**INSTRUCTIONS FOR THE TASK**
Output the records exactly as they appear, with no pictures included.

—————

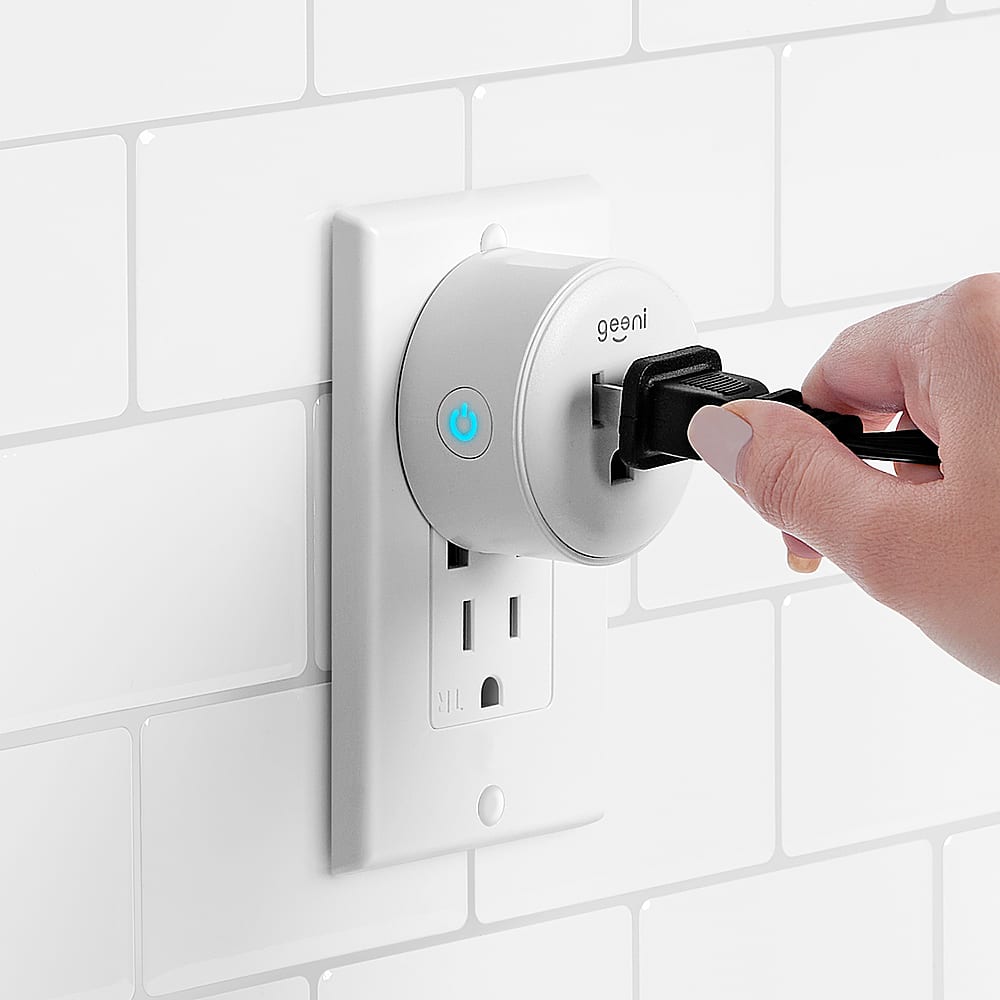 Alt View 12. Geeni - Dot Smart Plug - White.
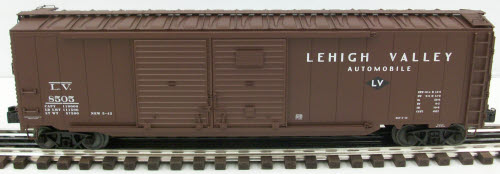 Lionel 6-27230 O Gauge Lehigh Valley Double Door Boxcar with End Doors #8505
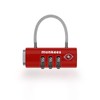munkees TSA Approved Luggage Lock, 3-Digit Combination, Metal Construction (Red)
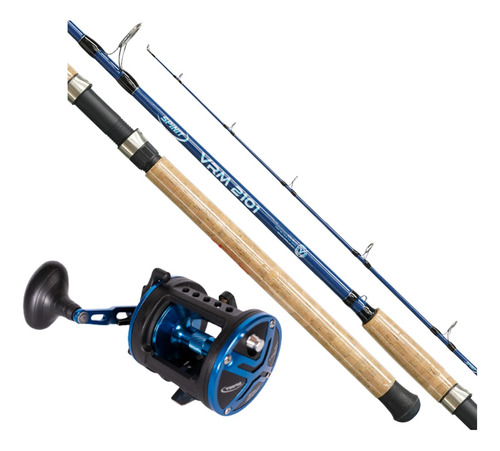 Combo Spinit Caña Vrm 2.10 1 Tramo + Reel Off Shore X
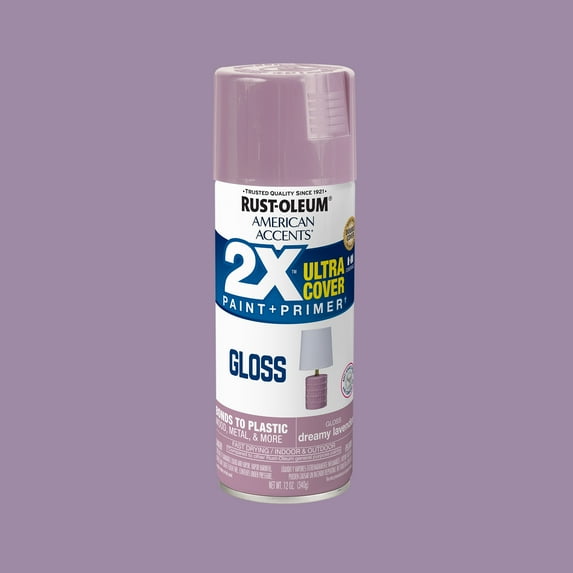 Dreamy Lavender, Rust-Oleum American Accents 2X Ultra Cover Gloss Spray Paint-365056, 12 oz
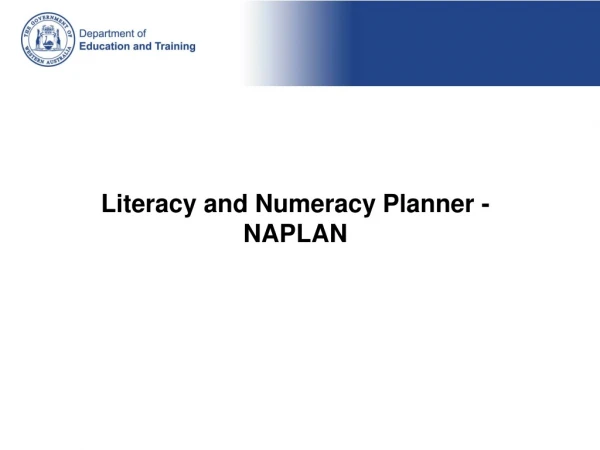 Literacy and Numeracy Planner - NAPLAN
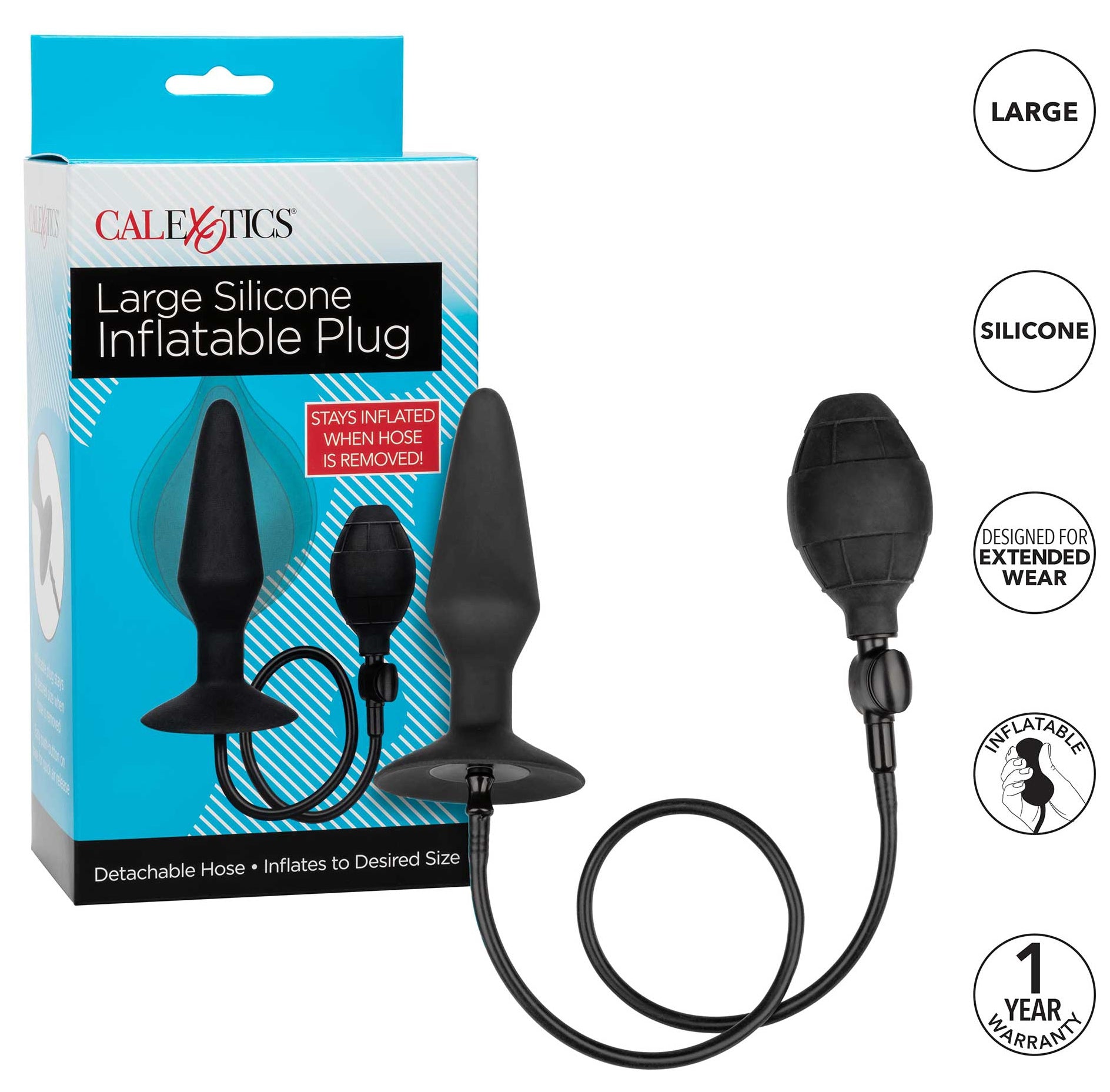 Plug gonflable Botass Large 12.5 x 3.8cm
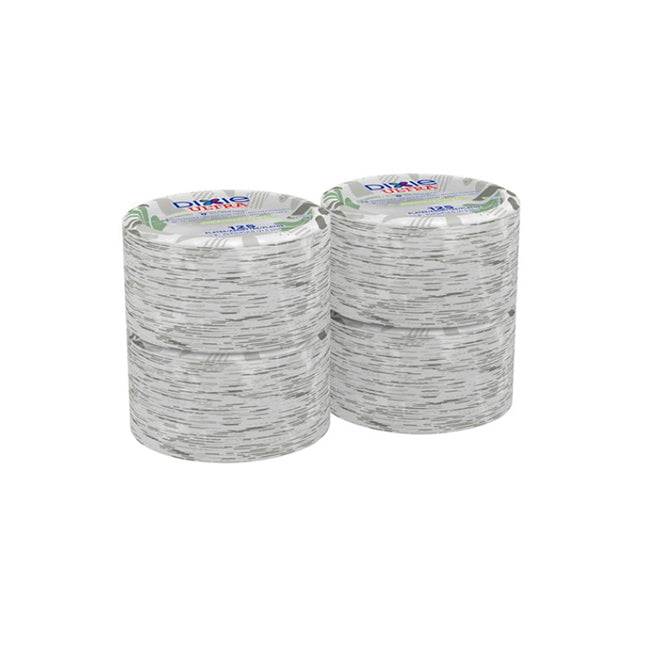 8.5 Inch White Printed Round Disposable Ultra Pathways Paper Plate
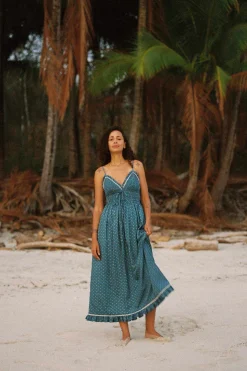 Dresses^Christy Dawn The Natasha Dress Essence Blue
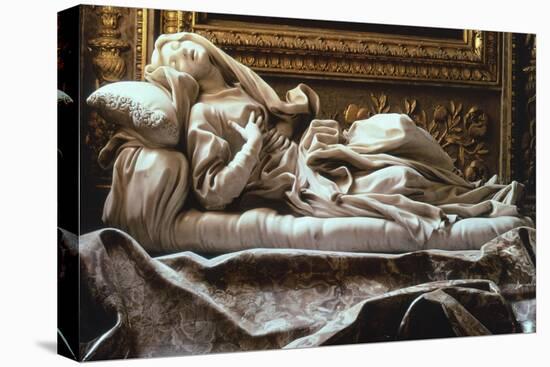 Italy, Rome, Church of San Francesco a Ripa, Blessed Ludovica Albertoni-Gian Lorenzo Bernini-Premier Image Canvas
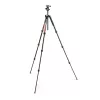 Manfrotto MKELMII4RD-BH Element MII 4-osainen alumiinijalusta kuulapäällä, punainen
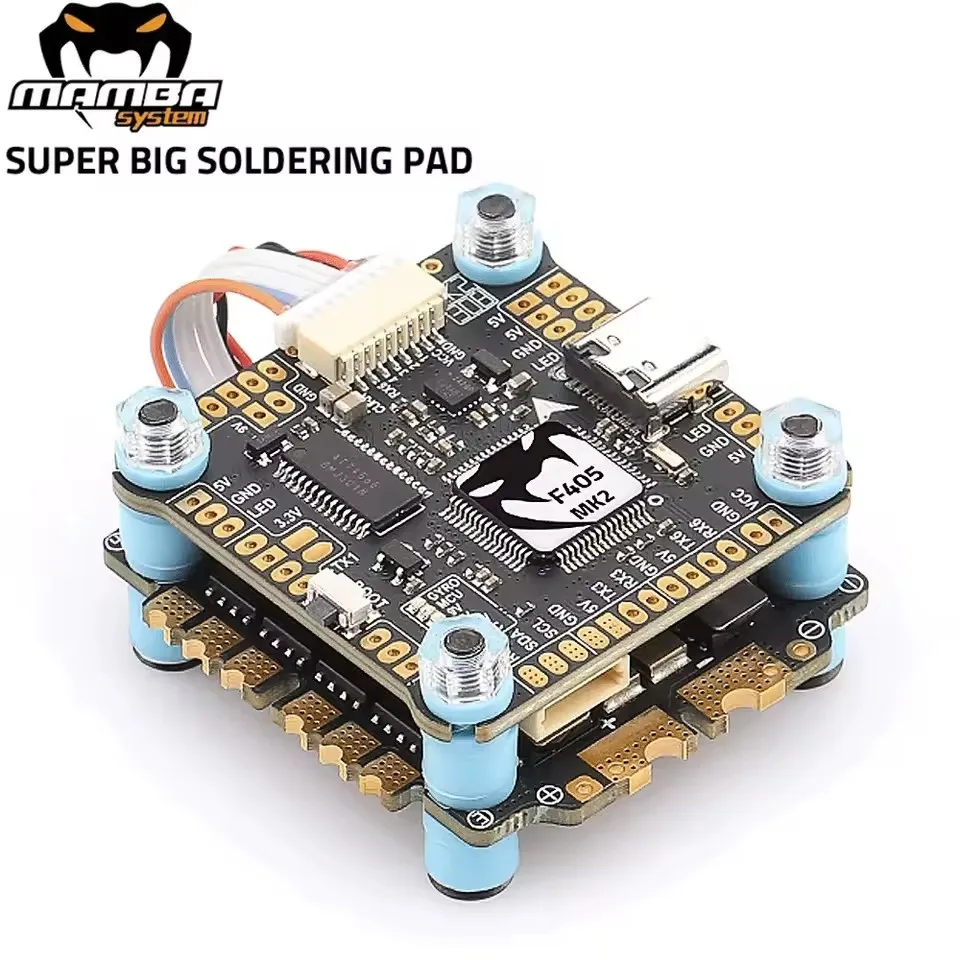 DIATONE MAMBA F405 MK2 V2 (ICM42688P) Flight Controller & F55 BLS / F65 BLS 4in1 ESC Dshot 300/600 3-6S for RC FPV Racing Drone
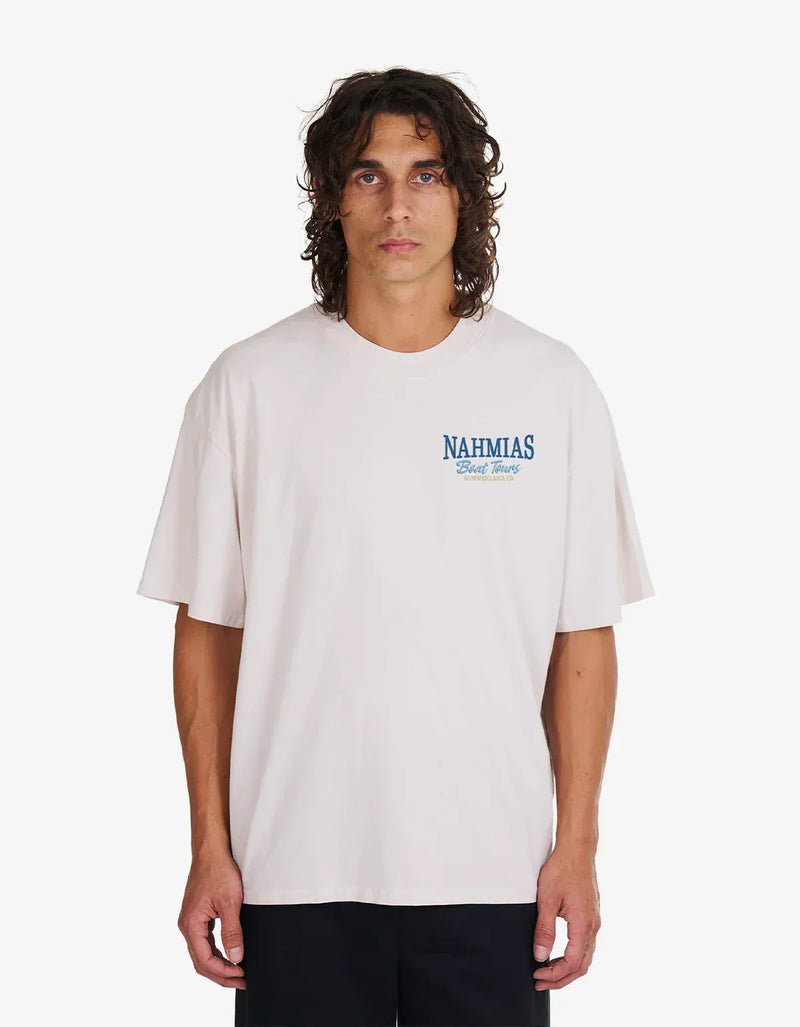 Nahmias White Boat Tours Boxy T-Shirt Y10-T23N2-100
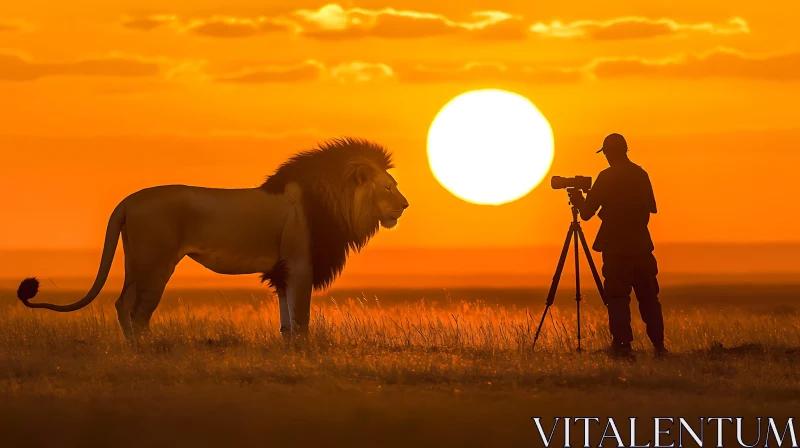 African Lion Photography AI Image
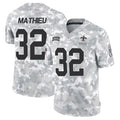 NO.Saints #32 Tyrann Mathieu Player Arctic Camo Salute to Service Limited Football Jerseys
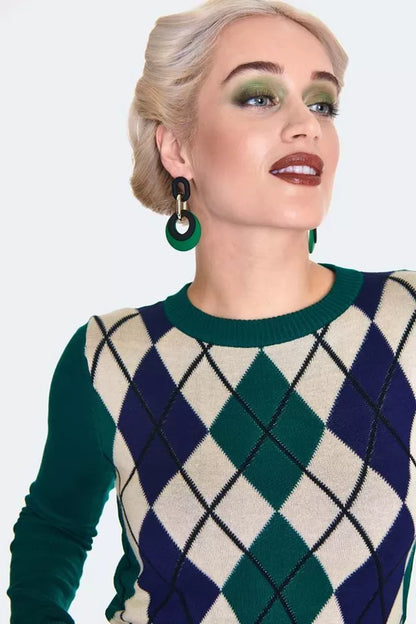 Argyle Retro Vintgae style Sweater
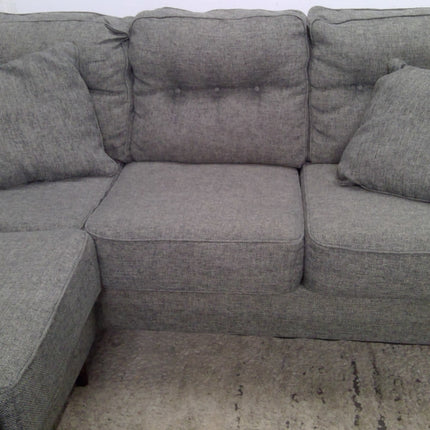 Three-Piece Gray Sectional Sofa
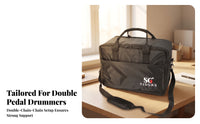 Oxford Cloth Black Drum Pedal Bag Detachable Shoulder Strap Padded Drum Pedal Case Zippered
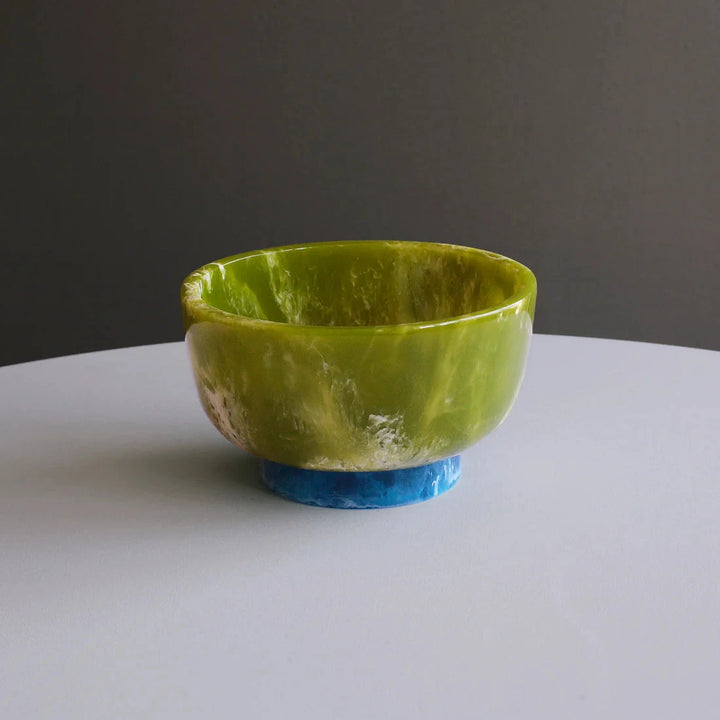 Resin Rio Small Bowl with Base - Green and Blue Decorative Bowl Beatriz Ball 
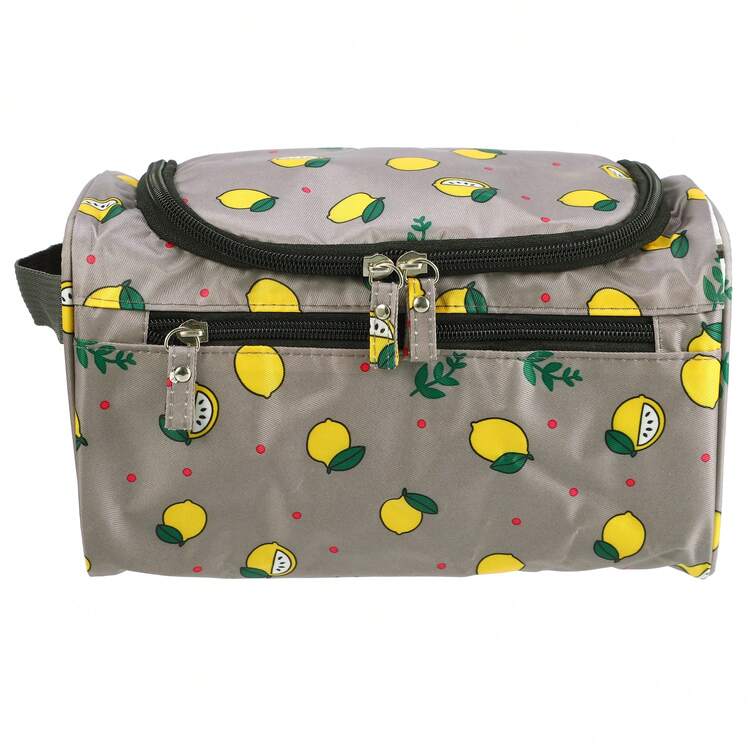 1 Pc Travel Makeup Bag, Travel Toiletry Organizer, Makeup Brush Holder, Makeup Organizer Bag, Toiletry Bag, Waterproof Oxford Cloth - 灰色的 - 查看 7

—————

**OUTPUT OF THE EXERCISE**
 Alt View 12. Geeni - Dot Smart Plug - White.
 Lionel 6-27230 O Gauge Lehigh Valley Double Door Boxcar with End Doors #8505
munkees TSA Approved Luggage Lock, 3-Digit Combination, Metal Construction (Red)
 Combo Spinit Caña Vrm 2.10 1 Tramo + Reel Off Shore X
 Dreamy Lavender, Rust-Oleum American Accents 2X Ultra Cover Gloss Spray Paint-365056, 12 oz
 Literacy and Numeracy Planner - NAPLAN
 Plug gonflable Botass Large 12.5 x 3.8cm
 8.5 Inch White Printed Round Disposable Ultra Pathways Paper Plate
 Dresses^Christy Dawn The Natasha Dress Essence Blue
 Italy, Rome, Church of San Francesco a Ripa, Blessed Ludovica Albertoni-Gian Lorenzo Bernini-Premier Image Canvas
 Manfrotto MKELMII4RD-BH Element MII 4-osainen alumiinijalusta kuulapäällä, punainen
 DIATONE MAMBA F405 MK2 V2 (ICM42688P) Flight Controller & F55 BLS / F65 BLS 4in1 ESC Dshot 300/600 3-6S for RC FPV Racing Drone
 Nahmias White Boat Tours Boxy T-Shirt Y10-T23N2-100
 African Lion Photography AI Image
 NO.Saints #32 Tyrann Mathieu Player Arctic Camo Salute to Service Limited Football Jerseys
 Argyle Retro Vintgae style Sweater
 Three-Piece Gray Sectional Sofa
 Oxford Cloth Black Drum Pedal Bag Detachable Shoulder Strap Padded Drum Pedal Case Zippered
 Resin Rio Small Bowl with Base - Green and Blue Decorative Bowl Beatriz Ball 
 1 Pc Travel Makeup Bag, Travel Toiletry Organizer, Makeup Brush Holder, Makeup Organizer Bag, Toiletry Bag, Waterproof Oxford Cloth - 灰色的 - 查看 7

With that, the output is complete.